The common good also sheds light on the relationship between economics and the study of belief and opinion, he said, which is evident in the way new products stretch people’s imaginations, accumulate value, and make truth claims and promises.

Father Martin Schlag, Ryan Institute director and conference organizer, said that the common good is more than a “sum” of individual goods — it includes a “life in common.”

“Business serves the common good when it creates wealth, opportunity, hope and development for all who wish to make an effort and participate, not only for a few who exclude others,” he said.

The first Conference on Catholic Social Thought and Business Education was organized in 1997 by Michael Naughton now the Center for Catholic Studies director, and the Ryan Institute, which examines the relationship between Catholic social tradition and business theory and practice through research, faculty and curriculum development, seminars, conferences and publications.

In 2010, Father Schlag co-organized the first Colloquium on Christian Humanism in Business and Society in Rome.
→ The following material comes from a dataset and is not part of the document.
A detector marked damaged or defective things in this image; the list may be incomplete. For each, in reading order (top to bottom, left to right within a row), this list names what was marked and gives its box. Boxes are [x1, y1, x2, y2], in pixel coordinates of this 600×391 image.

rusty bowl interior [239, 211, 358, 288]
When became the Ryan Institute’s director last August, he concluded that the two events complemented each other and could be merged. The next joint conference/colloquium will take place in Portugal in 2020.

Before taking his role at the University of St. Thomas, Father Schlag taught social-moral theology at the Pontifical University of Santa Croce in Rome, where he co-founded and directed its Markets, Culture and Ethics Research Centre. He also served as a consultant to the Pontifical Council for Justice and Peace, was a fellow at Oxford University in England and taught in Barcelona, Spain.
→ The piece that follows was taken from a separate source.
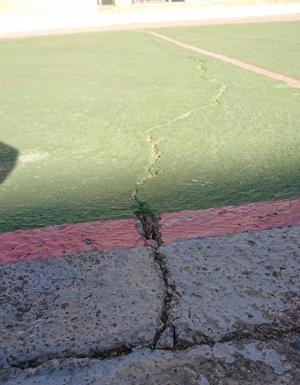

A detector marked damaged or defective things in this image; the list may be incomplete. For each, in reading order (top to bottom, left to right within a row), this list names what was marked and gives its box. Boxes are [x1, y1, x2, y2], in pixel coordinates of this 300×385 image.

With both its theological and practical aspects, the conference/colloquium aimed to clarify the common good as a concept, reflect on ways to interject Catholic social teaching in business education, develop a network among professionals interested in the topic, and involve business educators in developing economies, Father Schlag said.

Different definitions of the common good — including as an instrument to each person’s flourishing and participation in the common life of society — need to align with an understanding of the human person, said Robert Kennedy, a Catholic Studies professor who formerly held a joint appointment as professor in the management department in St. Thomas’ Opus College of Business, and who also sat on the opening panel.

Speaking to his audience of mostly educators and business practitioners, Kennedy said, “If we can be persuaded that our perception of the human person is defective and incomplete and needs to be corrected, say by a richer understanding of integral human development and common goods, then we may expect our approach to business to change.”

What is the ‘common good’?

The common good, stemming from the dignity, unity and equality of all people, is in a primary sense, “the sum total of social conditions which allow people, either as groups or as individuals, to reach their fulfilment more fully and more easily,” according to the Compendium of the Social Doctrine of the Church published in 2004.

But rather than a simple sum of particular goods of each person in society, the common good is indivisible and belongs to everyone and each person, who only together can attain, increase and safeguard it, the Compendium states. All expressions of social life from family to economic enterprises, cities, countries, and communities of peoples and nations have their own common good, which is part of, and the authentic reason for, their existence, according to the Compendium.

The common good advances human fulfillment which, according to Blessed Pope Paul VI and St. Thomas Aquinas, requires not only in the satisfaction of material needs but also participation in a community, and possession of truth and love most fully in the beatific vision in heaven, Kennedy said. This threefold order, Kennedy said, points to not one but three common goods:

  • Instrumental, being the means, not end, to the flourishing of each member.
  • Civic friendship, or participation in common life where all live together in justice, peace and friendship.
  • Our supernatural destiny intended by God and an end in itself for which the first two common goods prepare us.